*TASK REQUIREMENTS*.
Each line from the one holding "BadRhino Big &" to the last line of the listing must be set down exactly. No pictures are to be included.

*PROVIDED DATA*.
# # # # #
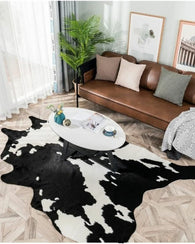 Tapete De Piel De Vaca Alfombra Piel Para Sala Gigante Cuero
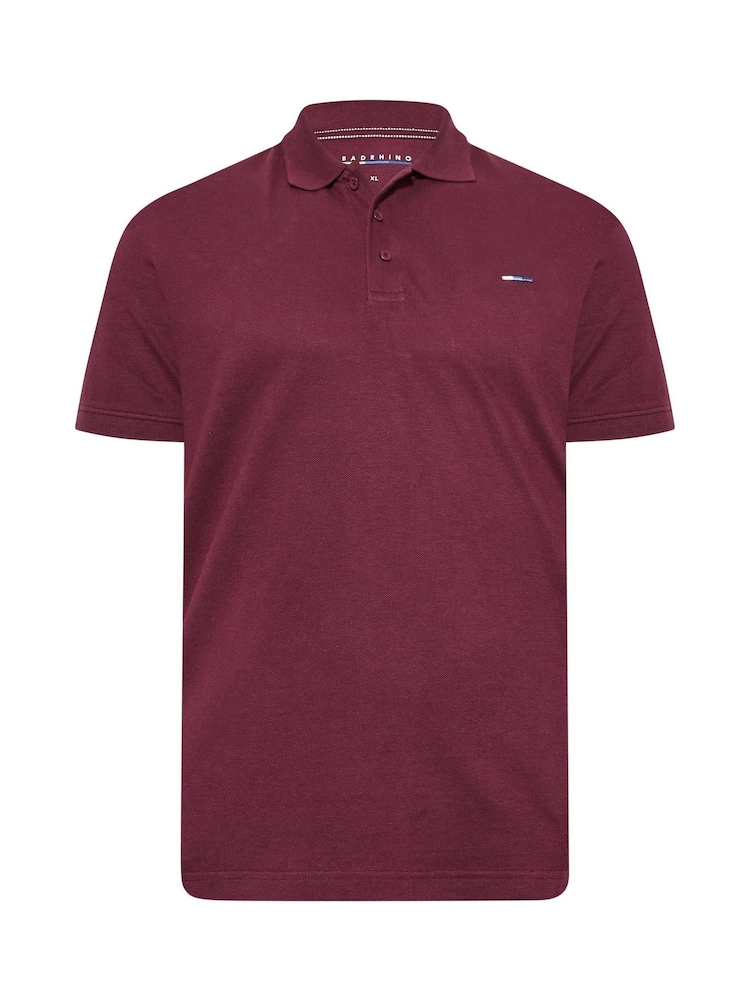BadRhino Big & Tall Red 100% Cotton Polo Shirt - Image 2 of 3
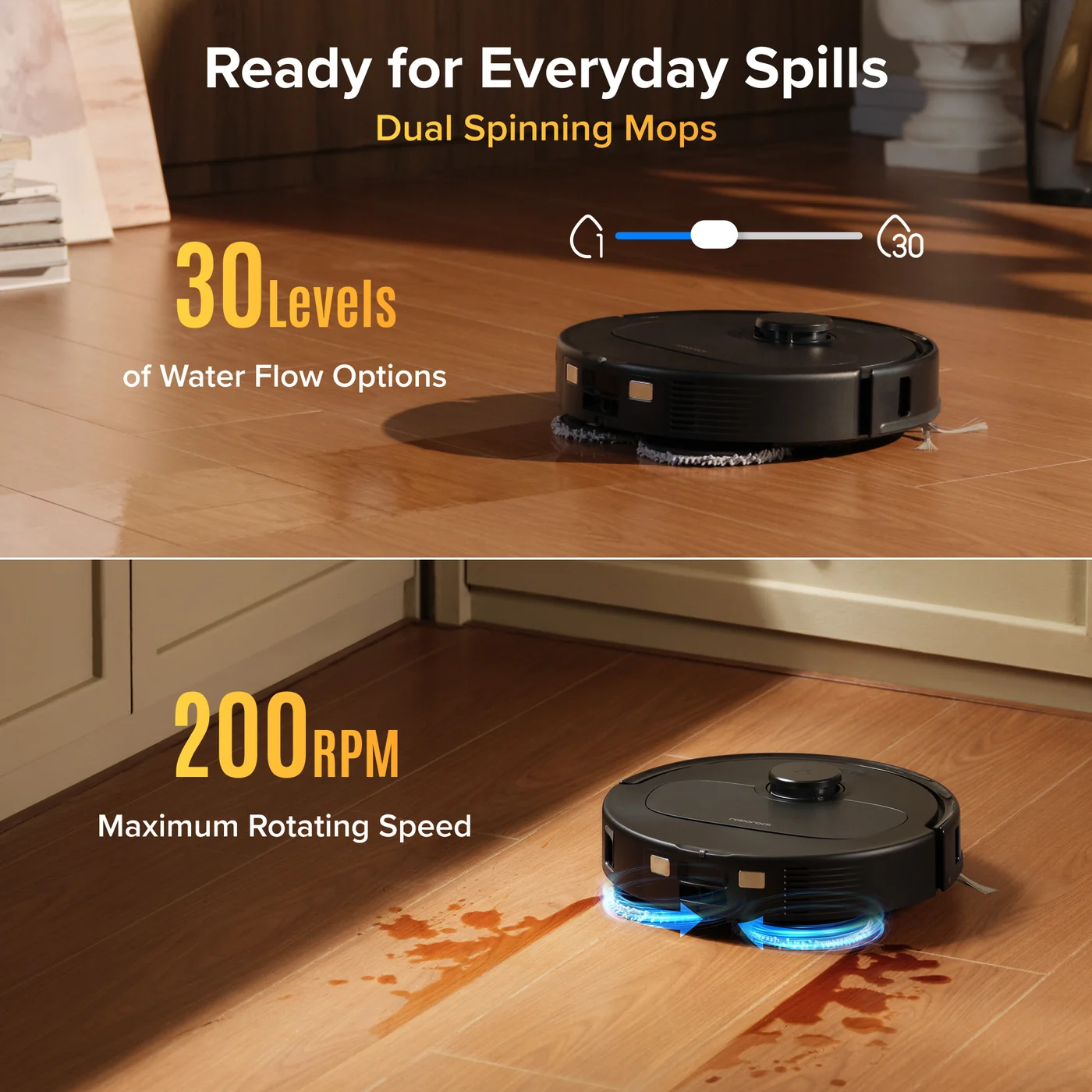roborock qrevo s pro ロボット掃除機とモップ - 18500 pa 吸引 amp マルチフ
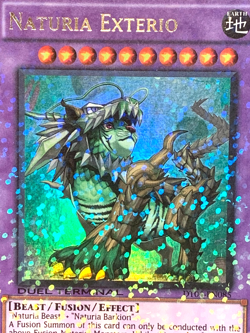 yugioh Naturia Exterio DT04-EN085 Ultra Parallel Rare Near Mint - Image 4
# # # # #
*THE COMPLETED TASK*.
BadRhino Big & Tall Red 100% Cotton Polo Shirt - Image 2 of 3
roborock qrevo s pro ロボット掃除機とモップ - 18500 pa 吸引 amp マルチフ
 yugioh Naturia Exterio DT04-EN085 Ultra Parallel Rare Near Mint - Image 4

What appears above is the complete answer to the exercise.